Uma análise retrospectiva de toda essa composição de CEN III [1651-1220] leva a identificar uma série de aparentes ambiguidades, como, por exemplo, a equivalência entre πρόσωπον e ύπόστασις, mas não entre toda ύπόστασις e πρόσωπον; também entre substantia e subsistentia, mas não entre toda subsistentia e substantia. Assim, é possível designar como substância uma pessoa, pois toda pessoa é substância, mas não se pode simplesmente tomá-las como sinônimos, pois há substâncias que não são pessoas, o que faz Boécio precisar, em III [190], o termo ύπόστασις como designativo da subsistência individual. O mesmo se dá com a possibilidade de chamar uma subsistência de substância, pois toda substância é subsistência, ao passo que não se pode chamar toda subsistência de substância, afinal há subsistências que não são substâncias (os gêneros e as espécies, por exemplo), e, por isso, Boécio estabelece, em III [200], que as subsistências mesmas são nos universais, enquanto as substâncias referem particulares. Em III [220]-[240], Boécio desenha um quadro completo de equivalências:

οὐσία = essentia (essência);

ούσίωσις = subsistentia (subsistência);

ύπόστασις = substantia (substância);

πρόσωπον = persona (pessoa).

Boécio exemplifica com o caso do homem, dizendo que há:

οὐσία ἀντροποι = essentia hominis, porque o homem é;

ούσίωσις ἀντροποι = subsistentia hominis, porque ο homem não está em nenhum suporte;

ύπόστασις ἀντροποι = substantia hominis, porque o homem se põe sob outros que não subsistências;

πρόσωπον ἀντροποι = persona hominis, porque o homem é um indivíduo racional.

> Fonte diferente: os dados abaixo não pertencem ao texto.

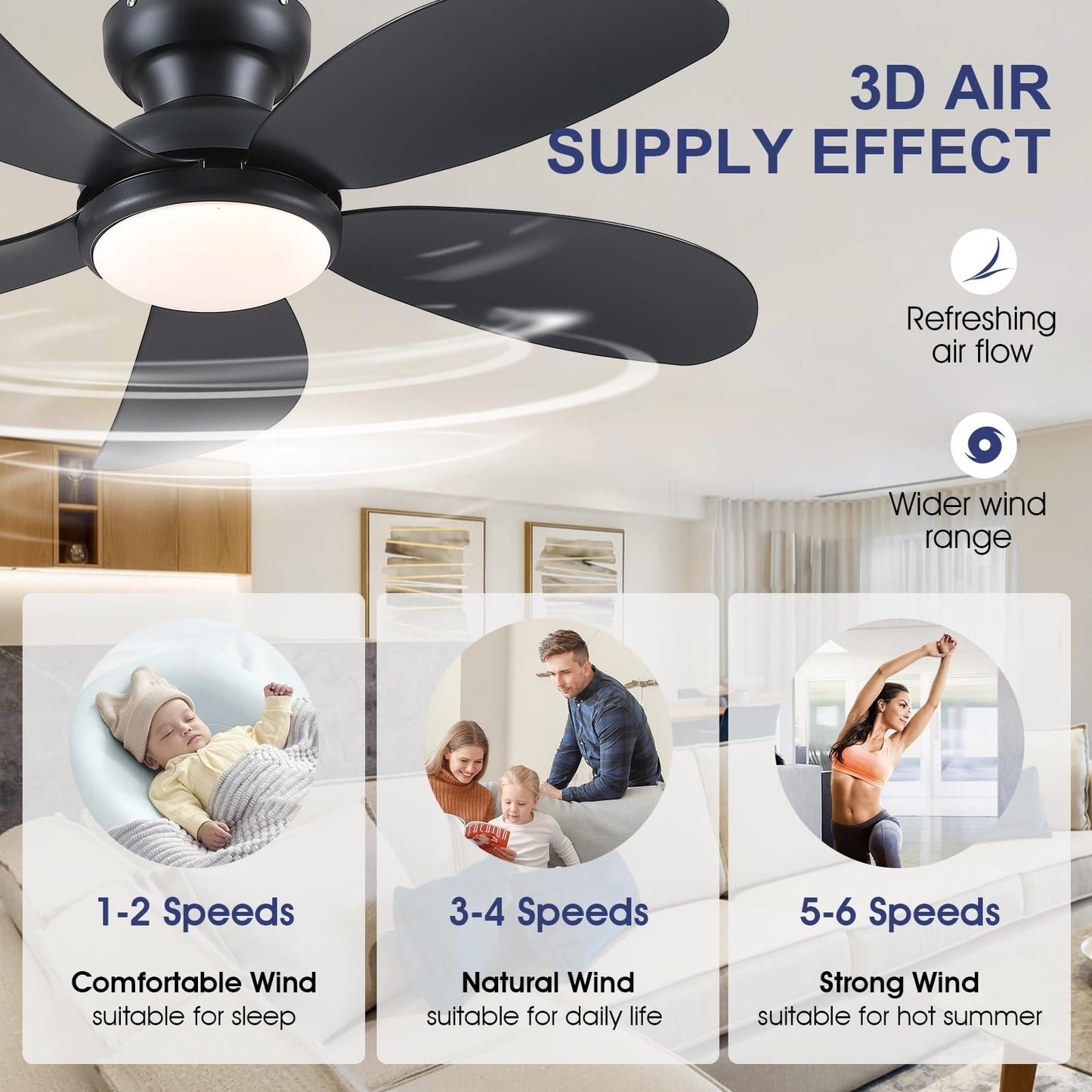 42 Inch Low Profile Modern Ceiling Fan, Reversible DC Motor,5 Blades,6 Speed, App and Remote Control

Dessa exemplificação surge a necessidade de esclarecer dois aspectos:

(1) Boécio define, em III [210], que subsistir significa não carecer de acidentes para poder ser, e, no exemplo citado (cf. III [245]), a subsistência deve-se ao fato de o que subsiste não se encontrar em nenhum suporte. Isso leva a crer que subsistir é, de fato, apresentar o constitutivo formal da quididade, naturalmente subsistente, e, assim, embora definida negativamente, subsistentia não parece, entretanto, algo de negativo, mas a perfeição positiva do ser, distinta da individuação. Por ela, a substância existe em si, é indivisível e torna-se capaz de ser sujeito substancial. Em outras palavras, a subsistência parece ser aquilo pelo qual o substrato é, aquilo pelo qual o substrato existe por si: é a existência como substância e não como modo ou acidente;

(2) no caso de se aplicarem essas noções a Deus, é preciso dizer que ele é οὐσία, é ούσίωσις e a ele se atribui ο ύφίστασθαι, ou seja, o “pôr-se sob”, sendo ele três υποστάσεις, o que justifica afirmar a unidade entre a οὐσία e a ούσίωσις divinas, ao lado da trindade de υποστάσεις e πρόσωπα. No entanto, urge esclarecer que o sentido em que se diz ser Deus substância é o sentido não de supósito, ou seja, de substrato de acidentes, mas no sentido (analógico) de o que está na raiz da sustentação no ser; aquilo que, como princípio, pode ser dito sob tudo, enquanto dá a tudo sua essência e subsistência.

Essas duas observações são exemplares para perceber que todo o capítulo III remete a uma problemática de fundo: trata-se da dificuldade em usar o termo substantia, dada não só a sua continuidade com o emprego possivelmente ambíguo de οὐσία e οὐσία πρώτη, feito por Aristóteles em diversos e diferentes contextos, mas também o uso já feito por Boécio para traduzir οὐσία, nos comentários a Porfírio, dificultando, agora, nos Escritos, traduzir para o latim expressões gregas opostas como são οὐσία e ύπόστασις, sobre as quais se fundava a expressão do dogma cristológico e trinitário.